### Exercise directions
Please show every line from the entries that carries the word "avec".

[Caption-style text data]
☆ ☆ ☆ ☆ ☆

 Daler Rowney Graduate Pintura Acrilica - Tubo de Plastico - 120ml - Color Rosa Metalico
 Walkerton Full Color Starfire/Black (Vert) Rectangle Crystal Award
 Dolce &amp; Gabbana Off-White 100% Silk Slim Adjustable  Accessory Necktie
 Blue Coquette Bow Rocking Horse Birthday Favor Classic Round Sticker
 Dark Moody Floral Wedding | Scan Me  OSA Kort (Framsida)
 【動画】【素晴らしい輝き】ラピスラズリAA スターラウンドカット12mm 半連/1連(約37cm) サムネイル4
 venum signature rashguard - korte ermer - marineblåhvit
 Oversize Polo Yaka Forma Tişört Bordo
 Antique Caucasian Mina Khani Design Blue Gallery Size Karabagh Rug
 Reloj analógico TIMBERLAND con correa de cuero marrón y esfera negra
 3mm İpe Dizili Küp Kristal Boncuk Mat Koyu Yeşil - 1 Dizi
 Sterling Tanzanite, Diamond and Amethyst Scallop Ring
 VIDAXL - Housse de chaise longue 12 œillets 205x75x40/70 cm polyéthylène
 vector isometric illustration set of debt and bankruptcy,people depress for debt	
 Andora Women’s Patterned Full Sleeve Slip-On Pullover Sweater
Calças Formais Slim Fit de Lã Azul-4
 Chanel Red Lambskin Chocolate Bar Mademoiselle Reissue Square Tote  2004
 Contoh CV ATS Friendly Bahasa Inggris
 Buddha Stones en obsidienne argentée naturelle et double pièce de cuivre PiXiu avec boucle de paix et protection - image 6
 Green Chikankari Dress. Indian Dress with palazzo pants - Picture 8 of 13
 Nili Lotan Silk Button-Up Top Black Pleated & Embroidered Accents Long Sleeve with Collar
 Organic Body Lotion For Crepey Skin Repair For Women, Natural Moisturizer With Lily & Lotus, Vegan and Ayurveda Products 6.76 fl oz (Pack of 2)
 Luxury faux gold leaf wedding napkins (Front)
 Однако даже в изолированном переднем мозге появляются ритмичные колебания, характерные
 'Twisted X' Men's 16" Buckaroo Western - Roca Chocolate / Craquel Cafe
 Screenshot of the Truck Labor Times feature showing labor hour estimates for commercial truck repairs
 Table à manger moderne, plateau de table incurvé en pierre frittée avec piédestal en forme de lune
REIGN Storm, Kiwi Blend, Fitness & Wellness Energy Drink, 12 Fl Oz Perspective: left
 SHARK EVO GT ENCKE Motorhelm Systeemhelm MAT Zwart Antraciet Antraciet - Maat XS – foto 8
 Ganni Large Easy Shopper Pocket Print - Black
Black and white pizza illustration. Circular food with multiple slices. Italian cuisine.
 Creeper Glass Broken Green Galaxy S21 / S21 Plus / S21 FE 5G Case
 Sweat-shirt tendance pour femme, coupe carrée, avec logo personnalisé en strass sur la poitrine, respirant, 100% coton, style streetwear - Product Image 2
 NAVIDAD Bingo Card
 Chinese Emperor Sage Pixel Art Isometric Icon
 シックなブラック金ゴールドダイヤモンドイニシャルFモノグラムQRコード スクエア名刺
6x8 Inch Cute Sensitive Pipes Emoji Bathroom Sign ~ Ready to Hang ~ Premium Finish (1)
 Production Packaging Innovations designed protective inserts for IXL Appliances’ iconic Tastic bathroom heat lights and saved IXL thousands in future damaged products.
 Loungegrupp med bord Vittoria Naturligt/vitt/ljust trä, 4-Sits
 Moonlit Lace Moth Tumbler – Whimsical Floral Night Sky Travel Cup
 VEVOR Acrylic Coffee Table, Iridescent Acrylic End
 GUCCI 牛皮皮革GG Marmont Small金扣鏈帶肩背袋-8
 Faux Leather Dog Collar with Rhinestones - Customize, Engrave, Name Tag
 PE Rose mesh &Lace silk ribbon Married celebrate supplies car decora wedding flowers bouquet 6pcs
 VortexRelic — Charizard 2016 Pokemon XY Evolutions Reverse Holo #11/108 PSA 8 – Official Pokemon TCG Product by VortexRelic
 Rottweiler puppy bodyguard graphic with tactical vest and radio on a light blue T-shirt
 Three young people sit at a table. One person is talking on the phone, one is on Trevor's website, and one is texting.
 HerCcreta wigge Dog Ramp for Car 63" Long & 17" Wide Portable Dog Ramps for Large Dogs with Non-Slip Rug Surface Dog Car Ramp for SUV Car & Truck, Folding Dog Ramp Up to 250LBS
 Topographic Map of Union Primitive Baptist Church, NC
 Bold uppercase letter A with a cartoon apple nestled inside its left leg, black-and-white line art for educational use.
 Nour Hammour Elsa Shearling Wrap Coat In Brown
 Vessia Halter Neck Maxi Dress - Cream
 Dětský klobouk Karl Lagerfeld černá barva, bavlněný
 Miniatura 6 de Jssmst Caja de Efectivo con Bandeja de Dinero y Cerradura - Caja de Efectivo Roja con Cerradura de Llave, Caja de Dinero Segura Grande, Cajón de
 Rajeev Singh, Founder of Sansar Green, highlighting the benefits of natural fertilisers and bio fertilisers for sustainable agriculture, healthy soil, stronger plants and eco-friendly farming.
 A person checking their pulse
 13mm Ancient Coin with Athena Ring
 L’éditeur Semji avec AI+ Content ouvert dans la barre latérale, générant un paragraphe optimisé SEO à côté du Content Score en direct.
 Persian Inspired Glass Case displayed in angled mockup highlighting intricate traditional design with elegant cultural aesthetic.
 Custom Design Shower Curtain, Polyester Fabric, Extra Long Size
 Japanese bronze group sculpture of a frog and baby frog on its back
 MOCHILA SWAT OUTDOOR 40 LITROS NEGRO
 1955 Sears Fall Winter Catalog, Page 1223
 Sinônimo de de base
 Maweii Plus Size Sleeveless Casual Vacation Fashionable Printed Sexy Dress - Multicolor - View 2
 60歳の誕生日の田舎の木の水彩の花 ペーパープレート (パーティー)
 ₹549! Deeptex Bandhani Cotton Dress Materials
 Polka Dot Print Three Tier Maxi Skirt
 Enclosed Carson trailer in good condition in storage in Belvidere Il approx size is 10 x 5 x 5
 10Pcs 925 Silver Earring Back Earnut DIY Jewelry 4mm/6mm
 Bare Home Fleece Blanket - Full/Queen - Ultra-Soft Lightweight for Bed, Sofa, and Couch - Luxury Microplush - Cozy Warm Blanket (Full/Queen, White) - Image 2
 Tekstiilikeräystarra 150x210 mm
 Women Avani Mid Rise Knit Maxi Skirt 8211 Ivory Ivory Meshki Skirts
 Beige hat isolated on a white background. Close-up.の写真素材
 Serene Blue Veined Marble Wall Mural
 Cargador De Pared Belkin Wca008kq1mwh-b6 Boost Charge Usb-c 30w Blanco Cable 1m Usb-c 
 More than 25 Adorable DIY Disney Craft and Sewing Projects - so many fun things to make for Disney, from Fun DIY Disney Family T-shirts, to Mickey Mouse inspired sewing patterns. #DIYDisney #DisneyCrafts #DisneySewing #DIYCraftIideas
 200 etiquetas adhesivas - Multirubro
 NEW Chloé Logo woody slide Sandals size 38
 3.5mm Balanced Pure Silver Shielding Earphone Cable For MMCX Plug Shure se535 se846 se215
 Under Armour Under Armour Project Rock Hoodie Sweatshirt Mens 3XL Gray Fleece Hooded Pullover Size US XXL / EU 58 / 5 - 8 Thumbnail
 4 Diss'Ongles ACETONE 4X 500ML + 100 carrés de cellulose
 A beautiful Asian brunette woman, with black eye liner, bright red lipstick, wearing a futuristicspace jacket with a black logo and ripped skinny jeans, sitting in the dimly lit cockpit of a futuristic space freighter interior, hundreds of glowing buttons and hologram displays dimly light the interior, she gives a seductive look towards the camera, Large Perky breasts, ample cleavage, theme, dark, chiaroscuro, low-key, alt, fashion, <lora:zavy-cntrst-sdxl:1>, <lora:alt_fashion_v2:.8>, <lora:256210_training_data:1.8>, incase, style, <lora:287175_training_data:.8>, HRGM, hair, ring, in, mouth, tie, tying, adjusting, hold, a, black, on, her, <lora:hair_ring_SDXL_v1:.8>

☆ ☆ ☆ ☆ ☆

### Result
 Buddha Stones en obsidienne argentée naturelle et double pièce de cuivre PiXiu avec boucle de paix et protection - image 6
 Table à manger moderne, plateau de table incurvé en pierre frittée avec piédestal en forme de lune
 Sweat-shirt tendance pour femme, coupe carrée, avec logo personnalisé en strass sur la poitrine, respirant, 100% coton, style streetwear - Product Image 2
 L’éditeur Semji avec AI+ Content ouvert dans la barre latérale, générant un paragraphe optimisé SEO à côté du Content Score en direct.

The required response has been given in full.